Le boeur congolais Roméo Katompa avec sa fille

Dans la nuit du 16 au 17 juillet 2026, Roméo Katompa est mort brûlé vif à Johannesburg. Sa maison a été incendiée alors qu’il s’y trouvait encore. Son corps a été retrouvé dans les cendres. Le boxeur congolais, que le milieu appelait « Bololo » ou « Champion Katompa », avait pour habitude de répondre à ces surnoms par une formule restée célèbre : « Likofi eleki mbasu na douleur », le poing plus douloureux que mbasu, cette maladie redoutée en République démocratique du Congo pour les souffrances qu’elle inflige. Il n’était pas un inconnu de passage. Il vivait en Afrique du Sud depuis des années, marié à une Sud-Africaine, père d’un enfant né sur ce sol. Sur le ring, il avait forgé sa réputation comme sparring-partner de Junior Makabu, ancien champion du monde WBC, et de Martin Bakole, poids lourd redouté des salles de Johannesburg au Royaume-Uni. Un homme intégré, respecté, utile. Un homme que l’Afrique du Sud a laissé mourir dans les flammes, dans un climat où sa seule faute était d’être né de l’autre côté d’une frontière africaine.

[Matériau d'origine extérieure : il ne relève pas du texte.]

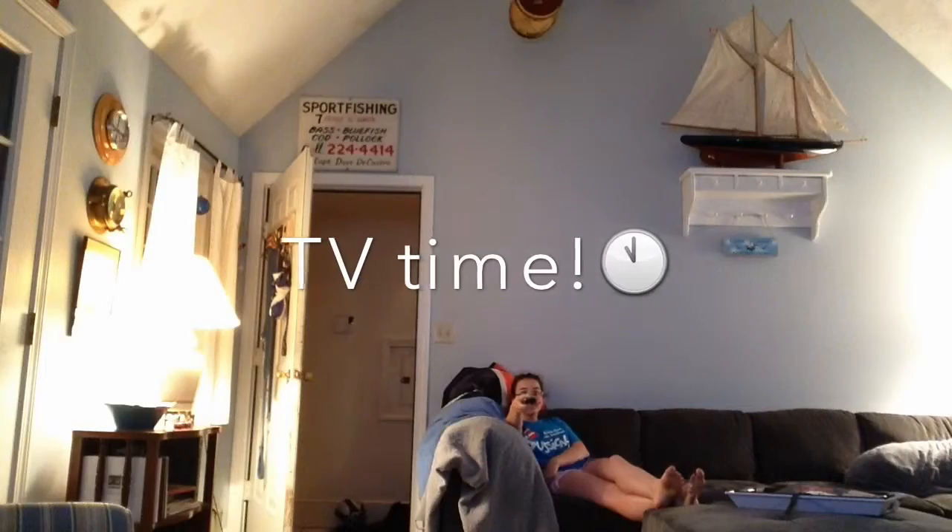Alright, so next thing I do is I come out to the kitchen and to the TV for some TV time. You can't have a morning without some Danny randomness. So here's some Danny randomness for you guys.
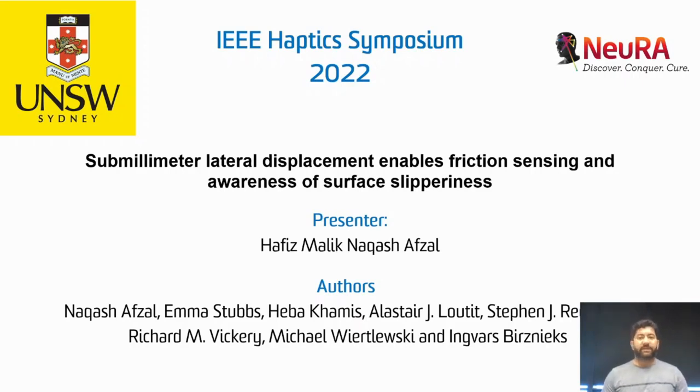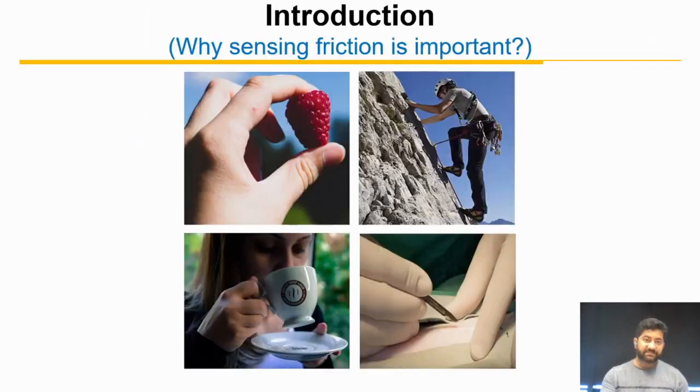Hi everyone, my name is Nikash and I will be presenting my research titled Sub-millimeter Lateral Displacement Enables Friction Sensing and Awareness of Surface Slipperiness.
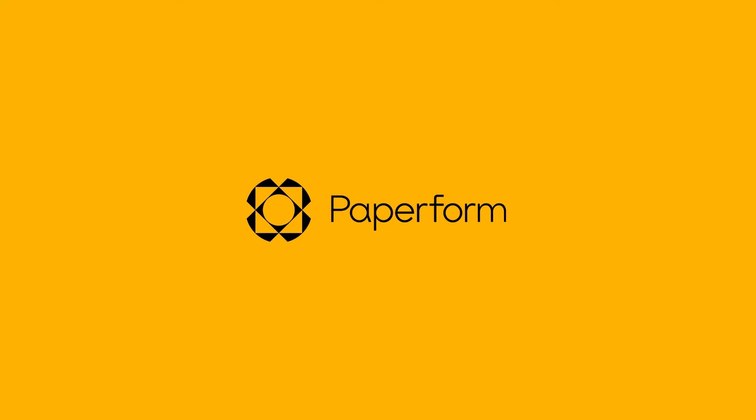Microsoft Excel or Google Sheets? Which is the better spreadsheet platform? Let's find out. Hey everyone, Alex here from Paperform.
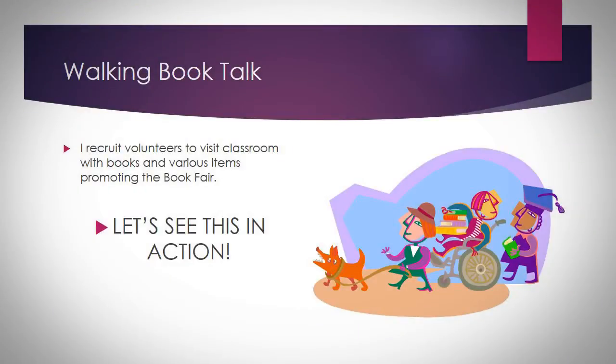And lastly, the walking book talk. I recruit volunteers to visit classrooms with books and various items promoting the book fair. Now let's see this in action.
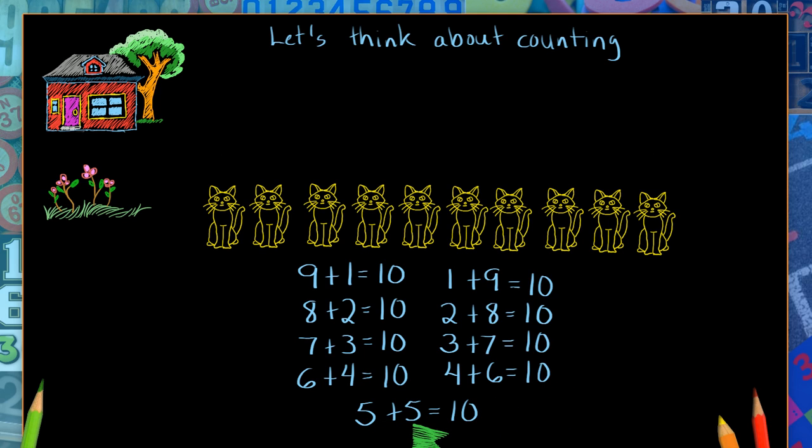Five plus five — well, if they trade places, they're going to be the same. That's not quite so interesting. But there is one other thing that interests me. Let's look at the first pairs. So let's look at nine plus one equals ten, and one plus nine equals ten.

La police sud-africaine, au moment où ces lignes s’écrivent, n’a livré aucune version officielle. Les témoignages de la communauté congolaise, eux, sont sans ambiguïté : cette mort s’inscrit dans une vague de violences xénophobes qui ravage le pays depuis des mois. Katompa n’est pas un fait divers. Il est le dernier nom d’une liste que l’Afrique du Sud allonge depuis trente ans.